Why Data Governance Is More About Enabling Good Than Stopping Bad
It seems like every day businesses are bombarded with reminders of the value of data. Data, we are told, leads us to make smarter decisions that deliver better outcomes.
It seems like every day businesses are bombarded with reminders of the value of data. Data, we are told, leads us to make smarter decisions that deliver better outcomes. No arguments there.
But we are constantly reminded of the dangers of data too; of the consequences of losing it, accidentally or through malicious actors. Attacks on Stuxnet, Equifax and the NHS are just some of the cautionary tales we share around. The cost of each attack is an eye-watering $4.5m, estimates IBM in its Cost of Data Breaches Report 2022. Add in the fallout from reputational damage, and the level of cybersecurity investment needed to protect against increasingly sophisticated threats, and a cost-benefit analysis of using data may conclude that it’s just not worth it.
It is common practice for businesses to address this risk with a data governance framework. As such, data governance is often presented as preventive; the art of stopping bad things happening. That positioning continues to be its downfall.

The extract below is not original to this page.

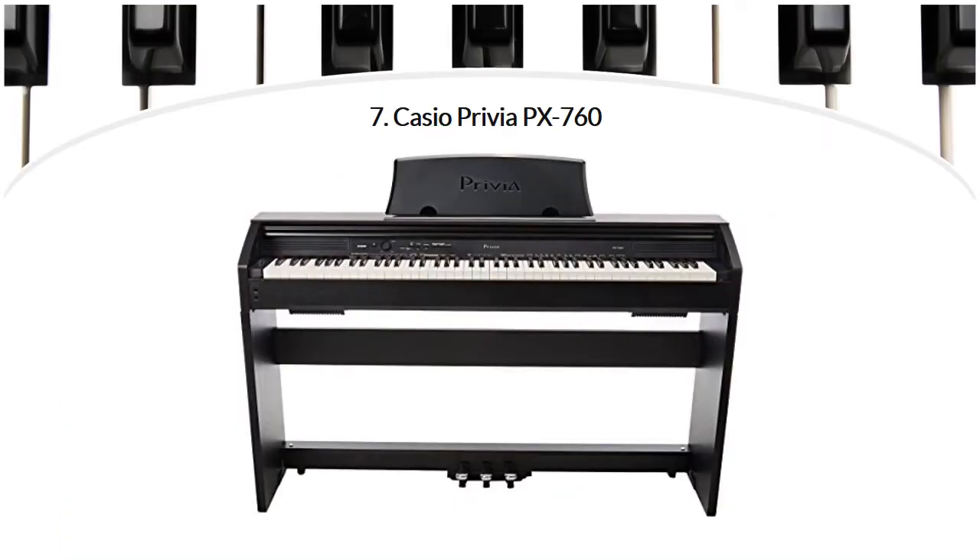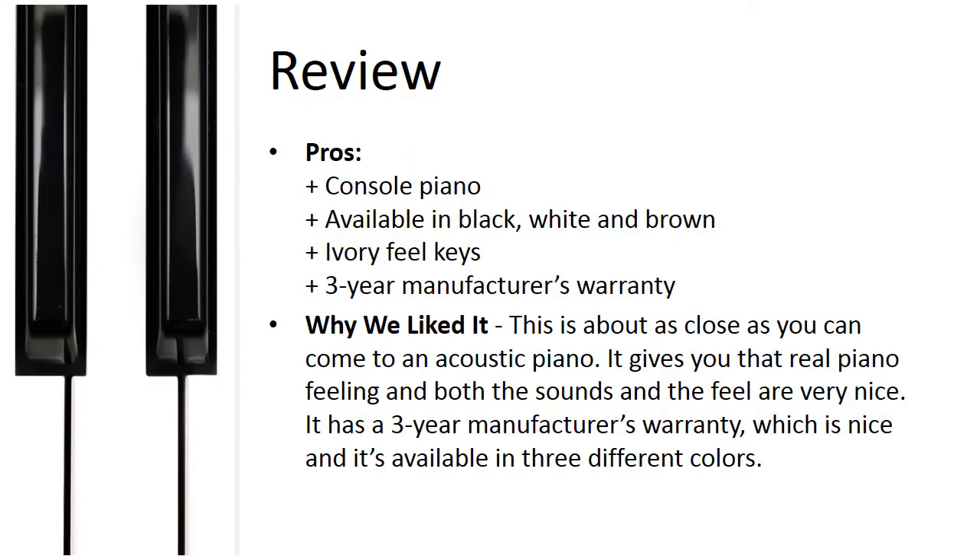If you want a console digital piano that is a really good substitute for an acoustic piano, this might be the right choice. It has three pedals and looks like a proper piano. The keys have an ivory feel and scaled hammer action, giving it the feel of an acoustic piano. It has a built-in metronome, a transposing feature, and you can split the keyboard for lesson mode. You can also layer two sounds, for example piano and strings. Available in black, white, and brown. Why we liked it: this is about as close as you can get to an acoustic piano, with a great feel and a 3-year manufacturer's warranty.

When a business frames data governance in terms of risk mitigation and regulatory obligations, it becomes an ancillary function. It can quickly be superseded by activities that have a more immediate impact on the bottom line, be it revenue generating or cost cutting measures. When trading conditions are tough, this inclination to deprioritise data governance in favour of perceived core business endeavours is even stronger.
Instead, data governance should be seen as enabling good; that with the right controls and processes, you improve the quality of data you have; get it to the people who can gain most value from it; and so drive better outcomes with it.
This thesis supports the trend for self-service data discovery and BI. Businesses increasingly understand that data by itself is fairly useless. Data needs context, and so it becomes more powerful when in the hands of those making business decisions. This decentralised approach requires a level of organisation around who can access and share different data. That should be a fundamental aspect of a data governance framework—not because it’s important to stop data getting into the wrong hands, but to make sure the right hands get the data they need. Equally, a data catalogue and data management tools should be built with the end-user in mind, making it easy for them to find, understand and interrogate the data they need. In contrast, many businesses organise their data to demonstrate regulatory compliance.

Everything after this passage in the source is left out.